Thanks for all of the great detail! Just writing to say I'm trying to reproduce what you've described with all of the variables you've described, on demo.dataverse, which is also running 4.7.1. But from reading the issues, it does sound like a bug, and not what's intended. I'd have to defer to our developers to say if it's related to changes to how csv files are ingested.

When you write "Would it be better to just stick to adding updated files as new files and using the metadata to indicate which files are the new versions?", is this what you've had to do for other datasets? If so, could you link to any datasets where this has been done?

Best,
Julian

julian...@g.harvard.edu

unread,
Oct 5, 2017, 6:45:20 PM10/5/17
to Dataverse Users Community
Just realized that saying "I'm trying to reproduce what you've described with all of the variables you've described" might be confusing since we're talking about tabular data, and I'm not the punny type... I meant I'm trying to reproduce what you've described with the same conditions, but I'm not able to on demo.dataverse:

On demo.dataverse I was able to replace a csv file, which was published, uningested, in 2015 as plain text, with another csv file. I clicked continue on the warning message that the file types are different (one plain text, one tabular) but didn't get an error. The new csv was ingested, I was able to publish the new dataset version, and the previous version had the previous plain text file.

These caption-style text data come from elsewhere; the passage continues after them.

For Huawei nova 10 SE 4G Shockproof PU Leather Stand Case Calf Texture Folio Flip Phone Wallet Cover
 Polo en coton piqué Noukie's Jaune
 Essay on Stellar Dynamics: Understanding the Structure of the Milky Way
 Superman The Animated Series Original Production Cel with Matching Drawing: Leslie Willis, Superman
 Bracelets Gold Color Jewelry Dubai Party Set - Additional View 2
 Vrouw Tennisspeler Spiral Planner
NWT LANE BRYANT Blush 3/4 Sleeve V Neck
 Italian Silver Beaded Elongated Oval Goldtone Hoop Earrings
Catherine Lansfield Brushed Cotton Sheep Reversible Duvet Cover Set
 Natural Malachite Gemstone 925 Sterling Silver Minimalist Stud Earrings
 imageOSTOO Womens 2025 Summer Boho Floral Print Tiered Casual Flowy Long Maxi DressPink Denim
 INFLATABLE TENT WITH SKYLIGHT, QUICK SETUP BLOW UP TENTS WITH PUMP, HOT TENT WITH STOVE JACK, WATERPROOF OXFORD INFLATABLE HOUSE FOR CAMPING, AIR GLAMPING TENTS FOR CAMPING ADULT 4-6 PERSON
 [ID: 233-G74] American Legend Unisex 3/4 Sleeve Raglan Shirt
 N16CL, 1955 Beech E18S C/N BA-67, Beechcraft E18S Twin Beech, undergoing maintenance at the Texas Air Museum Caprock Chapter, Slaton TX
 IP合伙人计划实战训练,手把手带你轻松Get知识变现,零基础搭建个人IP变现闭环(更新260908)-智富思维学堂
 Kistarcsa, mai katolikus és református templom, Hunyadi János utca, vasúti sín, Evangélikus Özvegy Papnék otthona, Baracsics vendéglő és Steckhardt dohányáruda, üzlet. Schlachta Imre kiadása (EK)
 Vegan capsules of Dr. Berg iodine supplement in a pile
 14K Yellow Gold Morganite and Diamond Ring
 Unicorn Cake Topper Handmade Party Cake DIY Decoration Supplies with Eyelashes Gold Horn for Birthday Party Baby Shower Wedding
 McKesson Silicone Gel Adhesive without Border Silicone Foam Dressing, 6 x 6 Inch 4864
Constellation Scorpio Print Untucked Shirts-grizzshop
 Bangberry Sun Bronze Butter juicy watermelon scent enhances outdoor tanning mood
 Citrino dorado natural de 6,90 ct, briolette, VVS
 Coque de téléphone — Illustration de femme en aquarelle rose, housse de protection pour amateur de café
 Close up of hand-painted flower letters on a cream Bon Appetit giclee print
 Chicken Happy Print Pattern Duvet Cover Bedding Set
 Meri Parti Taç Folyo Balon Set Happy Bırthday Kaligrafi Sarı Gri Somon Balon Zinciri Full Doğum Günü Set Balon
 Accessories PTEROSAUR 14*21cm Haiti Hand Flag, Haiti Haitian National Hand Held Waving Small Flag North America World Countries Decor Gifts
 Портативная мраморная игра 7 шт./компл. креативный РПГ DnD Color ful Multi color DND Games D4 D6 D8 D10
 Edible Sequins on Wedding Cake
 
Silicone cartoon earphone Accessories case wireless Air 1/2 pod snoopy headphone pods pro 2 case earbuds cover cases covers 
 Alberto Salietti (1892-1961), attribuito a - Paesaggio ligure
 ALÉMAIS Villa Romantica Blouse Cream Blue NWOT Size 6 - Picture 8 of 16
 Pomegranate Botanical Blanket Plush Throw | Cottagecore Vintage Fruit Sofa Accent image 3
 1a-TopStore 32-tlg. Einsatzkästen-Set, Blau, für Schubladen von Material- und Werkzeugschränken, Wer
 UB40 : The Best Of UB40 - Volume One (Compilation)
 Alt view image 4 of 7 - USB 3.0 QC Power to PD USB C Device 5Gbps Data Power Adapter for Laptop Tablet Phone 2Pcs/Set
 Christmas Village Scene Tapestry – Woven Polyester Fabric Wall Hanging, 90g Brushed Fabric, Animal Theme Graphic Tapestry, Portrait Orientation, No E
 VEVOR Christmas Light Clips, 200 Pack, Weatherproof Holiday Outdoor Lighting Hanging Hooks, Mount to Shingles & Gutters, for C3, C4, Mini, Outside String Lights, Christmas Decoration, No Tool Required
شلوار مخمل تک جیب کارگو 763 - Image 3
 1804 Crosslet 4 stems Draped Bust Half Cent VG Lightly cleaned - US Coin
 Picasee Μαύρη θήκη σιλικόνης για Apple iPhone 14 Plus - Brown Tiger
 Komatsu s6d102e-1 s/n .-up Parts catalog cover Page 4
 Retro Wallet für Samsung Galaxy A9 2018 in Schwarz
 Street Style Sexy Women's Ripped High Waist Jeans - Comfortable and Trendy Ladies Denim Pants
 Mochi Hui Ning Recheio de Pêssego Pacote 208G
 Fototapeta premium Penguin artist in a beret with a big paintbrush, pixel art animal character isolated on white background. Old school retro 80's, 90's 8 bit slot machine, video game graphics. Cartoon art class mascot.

When you tried with the spss files and got the warning that the replacement file wasn't the same format, was it that "The original file (Tab-Delimited) and replacement file (SPSS SAV) are different file types"? If the original file was ingested, I'm assuming its file type would be tab-delimited. Just wanted to make sure. I was able to replace an ingested .sav file, which had been transformed to a tab file, with a different .sav file without errors or any stalling.

Jennifer Doty

unread,
Oct 6, 2017, 12:19:08 PM10/6/17
to Dataverse Users Community
Thanks for looking into this, Julian! The format warning I got was the same text, "The original file (Tab-Delimited) and replacement file (SPSS SAV) are different file types." I don't know if file size could be relevant to this issue as well. I should have mentioned that both files were close to 30MB each and the ingest process was running for several minutes before the error messages displayed. Would you recommend trying the replace function with these particular files myself in demo.dataverse?

And in answer to question in your first reply, I don't have an example dataset with updated files added as new files. This is the first time it's come up for this particular dataset (http://dx.doi.org/10.15139/S3/12193). In talking to the data creators, they were interested in trying the replace option so as to avoid confusion for data users. 

Gautier, Julian

unread,
Oct 6, 2017, 1:33:05 PM10/6/17
to dataverse...@googlegroups.com, d...@email.unc.edu, Sonia Barbosa
Hi Jen,

Yes, please feel free to try those larger files on demo.dataverse. Thanks for the info. Since the large .sav file in the dataset you linked to was already ingested, I'm assuming that any file size limits that the UNC Dataverse places on different tabular file types wouldn't be the problem. But I've CC'ed Don Sizemore from UNC just in case.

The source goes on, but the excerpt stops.